@anildash gets the credit for the title
The content though is one part in the air and one part thanks to Jason from Obvious (i.e. Twitter, Blogger, Google, Branch, etc)
Bill Gates used to listen to customers and design strategies to dominate markets. Steve Jobs made sublime products he wanted that showed the way to the future. Or that’s the Dashism to summarize it.
There are two situations when Gatesism appeals to startups: a) things are not going so great. The product is out there but only some people like it. Solution: the product is really about this niche! We found our segment! Yay! (Wrong.) b) we have an idea but…have trouble justifying why YOU (anyone) really need it.
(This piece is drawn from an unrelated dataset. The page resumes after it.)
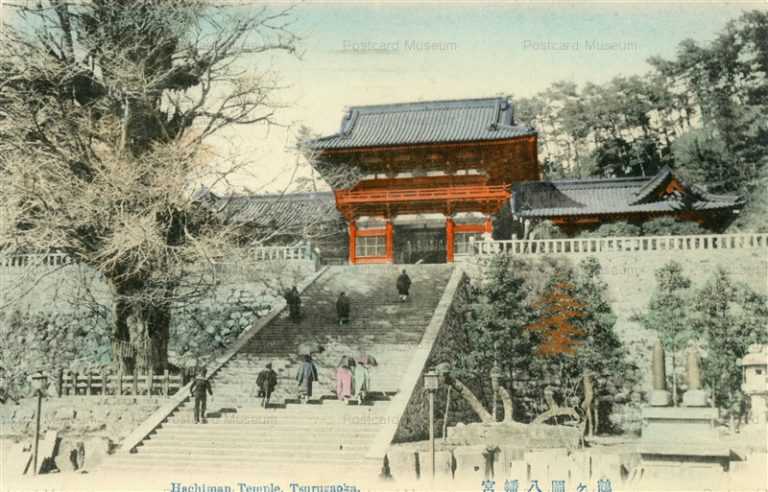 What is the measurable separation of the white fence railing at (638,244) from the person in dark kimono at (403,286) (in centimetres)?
229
Solution: define a segment that really needs it. Describe them. Quantify their hugeness. Yay! We found some early adopters – the next hipsters, makers, hackers, slackers, etc. (Also wrong.)
Look, you can make a a product for a certain group. But only you know how you got there. If you are shoehorning it won’t work.
Real Gatesism though resembles P&G with soap. Soap exists. Now how to get everyone to buy it. Bundle it, free trial it, discount it, advertise it. Solid, powder, gel, and liquid. For faces, floors, clothes and other. Slice, dice, target, refine and fit.
When startups do this they are often taking an invention and trying to retrofit segmentation. The reason it’s bad is the invention process is not the market fit process. You invent something that doesn’t fit (too bad) then try to market your way out of the problem.
So that’s the warning.
More on the Jobsism later. Jobsism is how you make great inventions.